◆ RECORD EXCERPTS
* * *

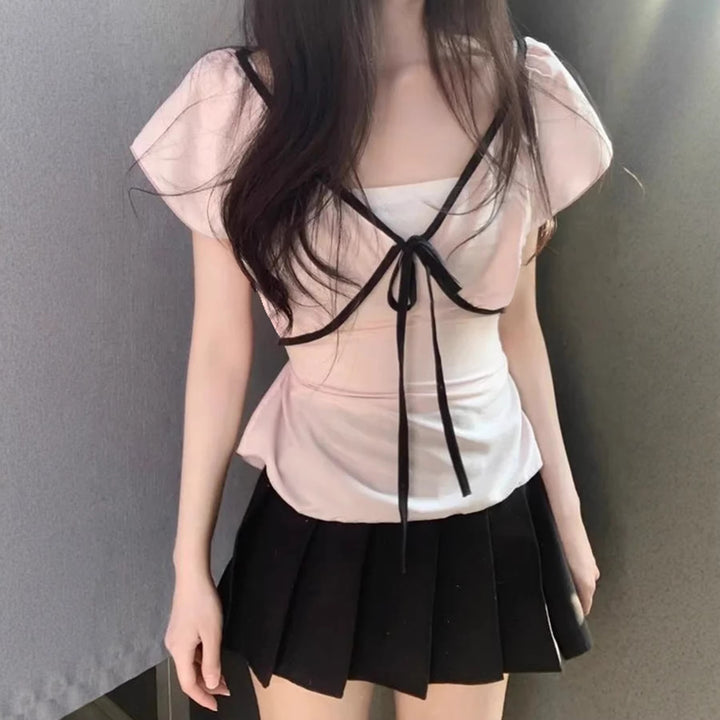 Damebluse med ruffles og justerbart bælte Skovae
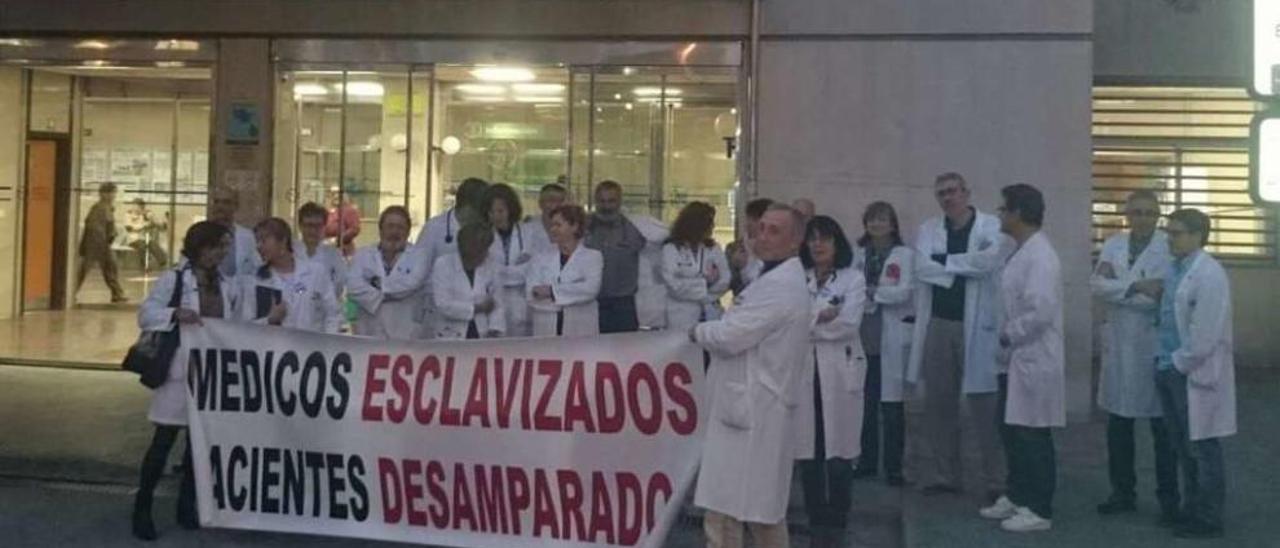 Protesta de médicos en Ourense por los recortes en sanidad. // FdV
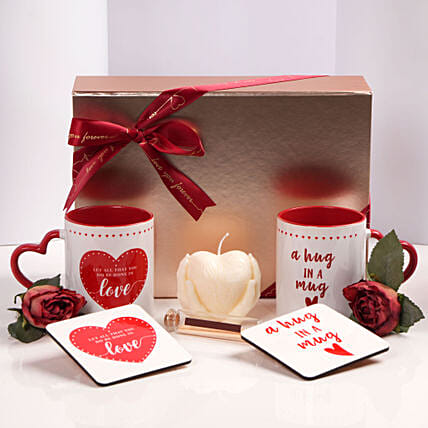 ورد و مقات وشمعة عيد الحب: أكواب قهوة لعيد الحب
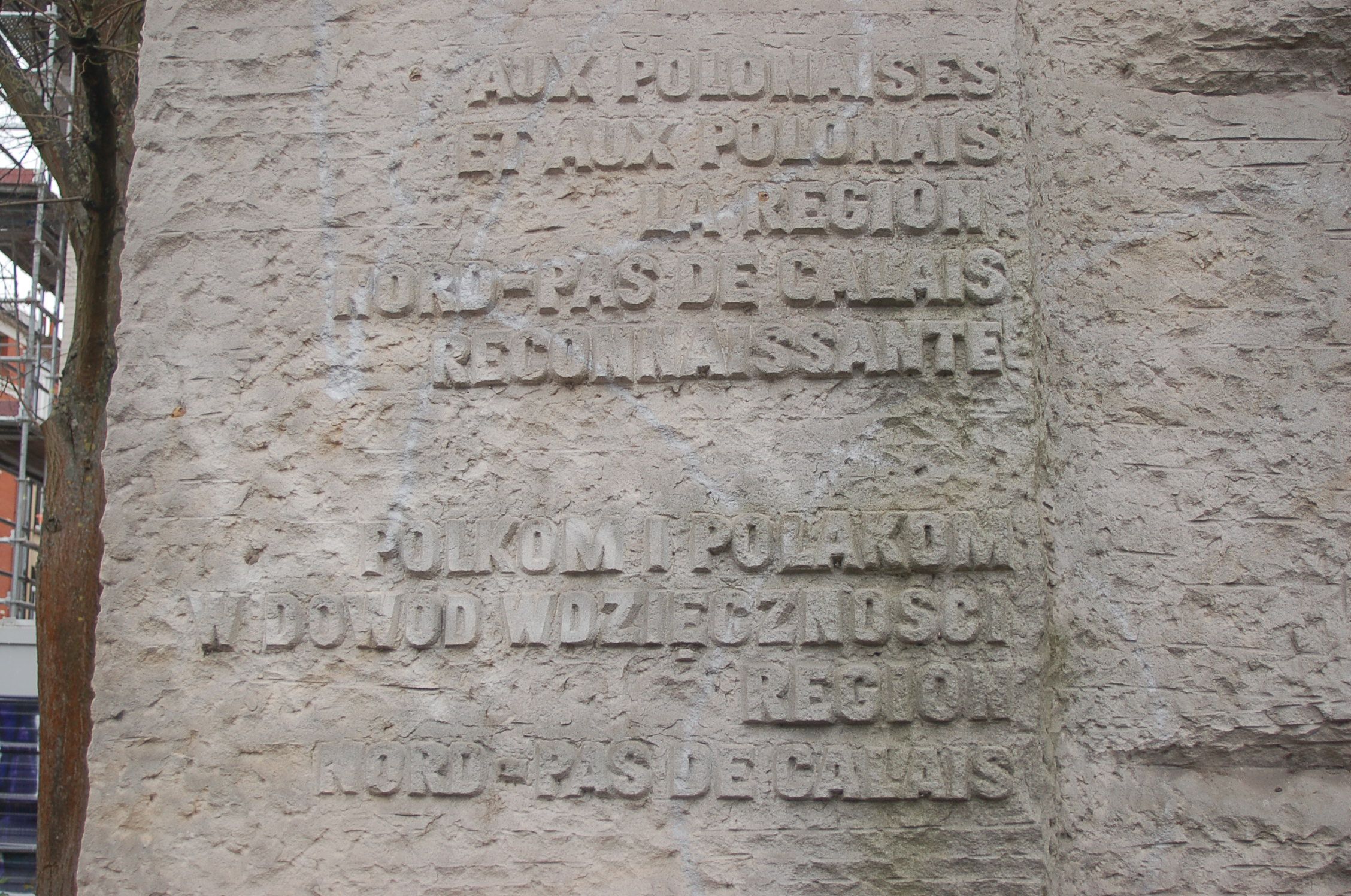 Fotografia przedstawiająca Monument of gratitude to the Poles in the Square of the Polish community in Lille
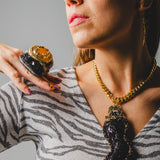 Collana 100% Handmade con cornetto ricamato a mano su jaquard nero e catena in acciaio inossidabile dorata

* * *

◆ YOUR INSTRUCTIONS
Every entry above should be given again exactly, with no images included.

◆ EXERCISE ANSWER
 Damebluse med ruffles og justerbart bælte Skovae
 Protesta de médicos en Ourense por los recortes en sanidad. // FdV
 ورد و مقات وشمعة عيد الحب: أكواب قهوة لعيد الحب
 Fotografia przedstawiająca Monument of gratitude to the Poles in the Square of the Polish community in Lille
 Collana 100% Handmade con cornetto ricamato a mano su jaquard nero e catena in acciaio inossidabile dorata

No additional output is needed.